#### Input for this task
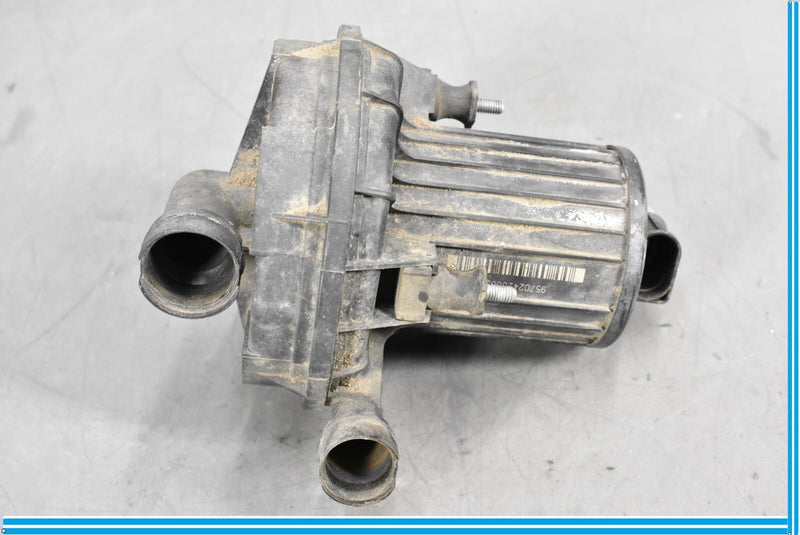 Load image into Gallery viewer, 05-12 Audi A8 Secondary AUX Auxiliary Air Injection Smog Pump Oem
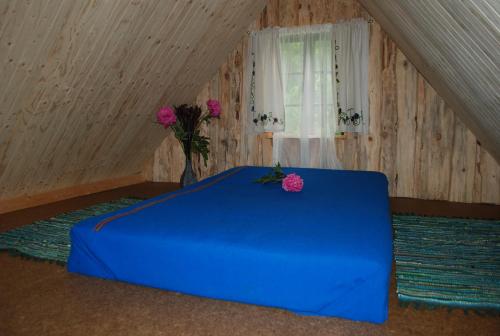 מיטה או מיטות בחדר ב-Hallikivi Tourist Farm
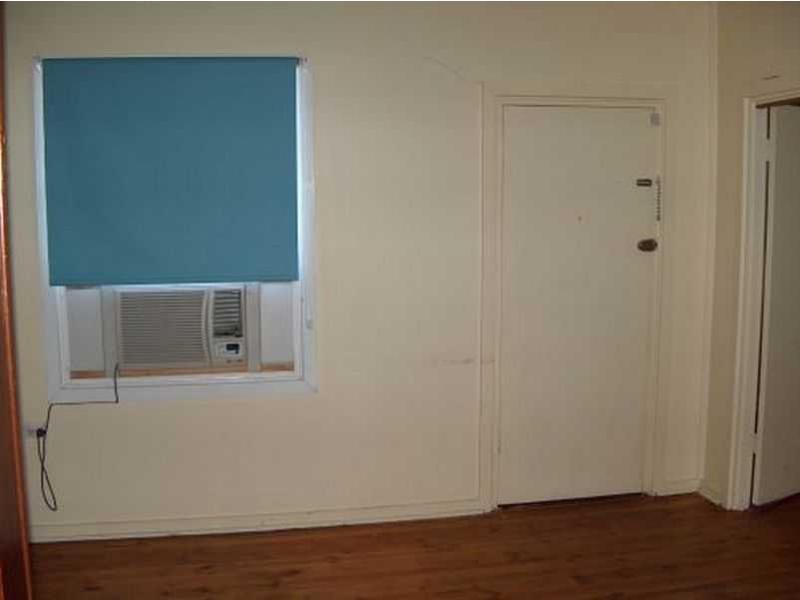 8 midlow Road, Elizabeth SA 5112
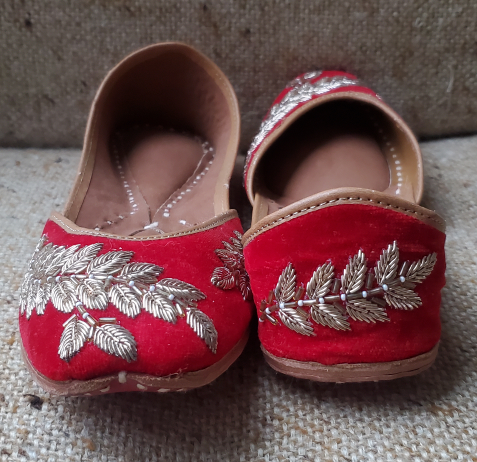 genuine leather flats from Dubai image indicator(2)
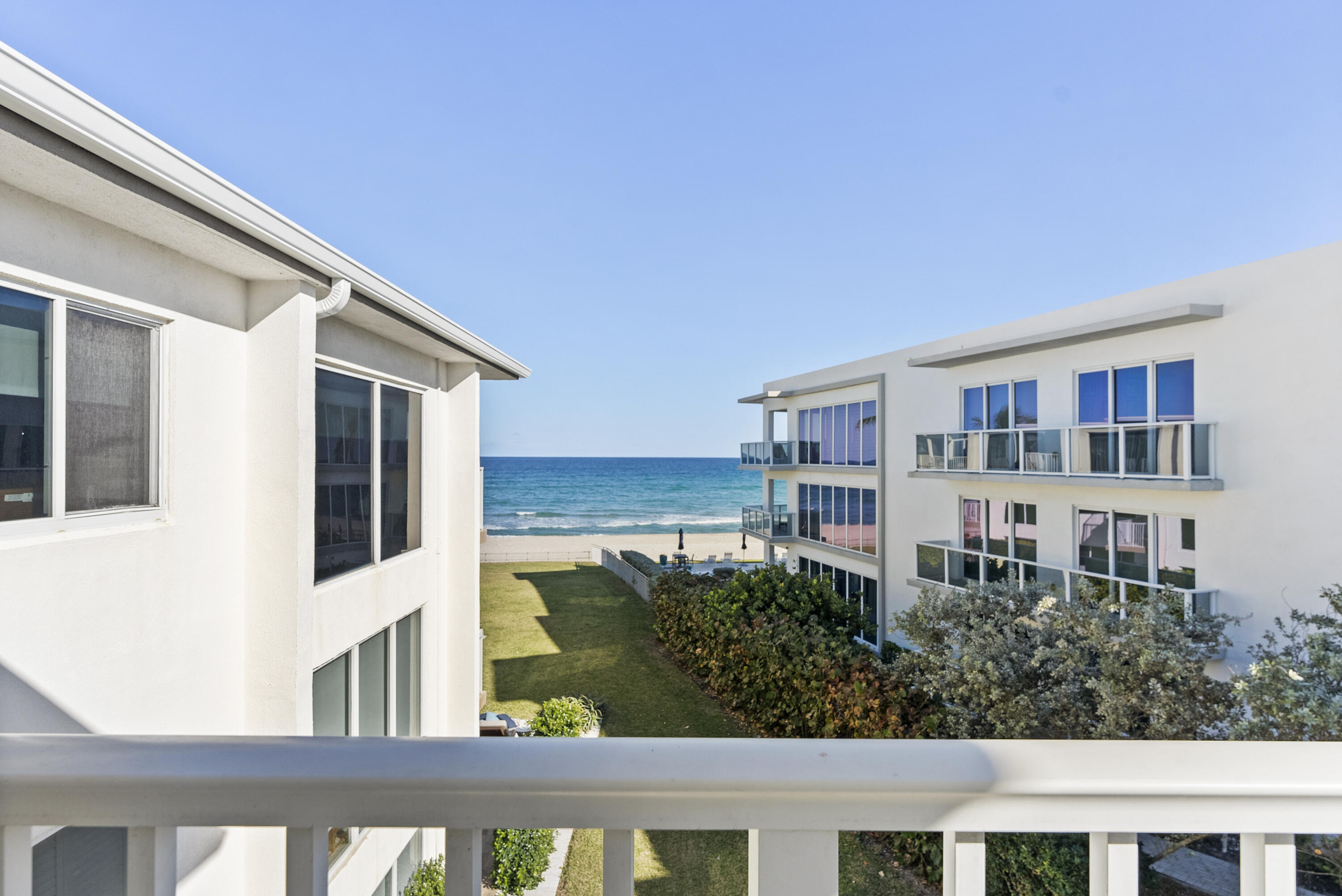 SHORELAND - Residential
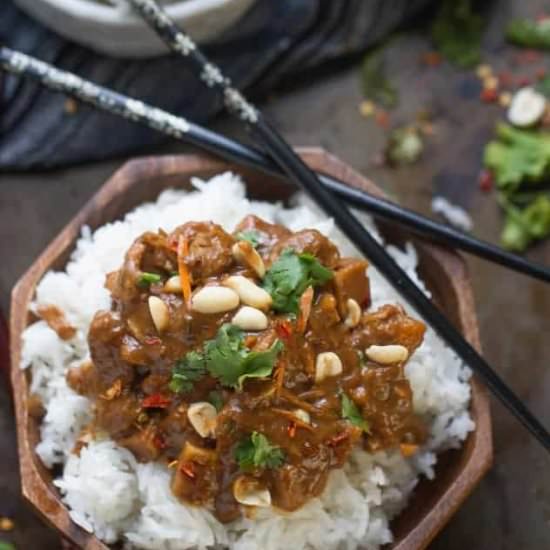 Slow cooker Thai Peanut Chicken - Recipe photo by LifemadeSweeter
########
Goal of the exercise:
Your copy of the listing should match it exactly, apart from the pictures, which are left out.

Completed exercise:
 Load image into Gallery viewer, 05-12 Audi A8 Secondary AUX Auxiliary Air Injection Smog Pump Oem
 מיטה או מיטות בחדר ב-Hallikivi Tourist Farm
 8 midlow Road, Elizabeth SA 5112
 genuine leather flats from Dubai image indicator(2)
 SHORELAND - Residential
 Slow cooker Thai Peanut Chicken - Recipe photo by LifemadeSweeter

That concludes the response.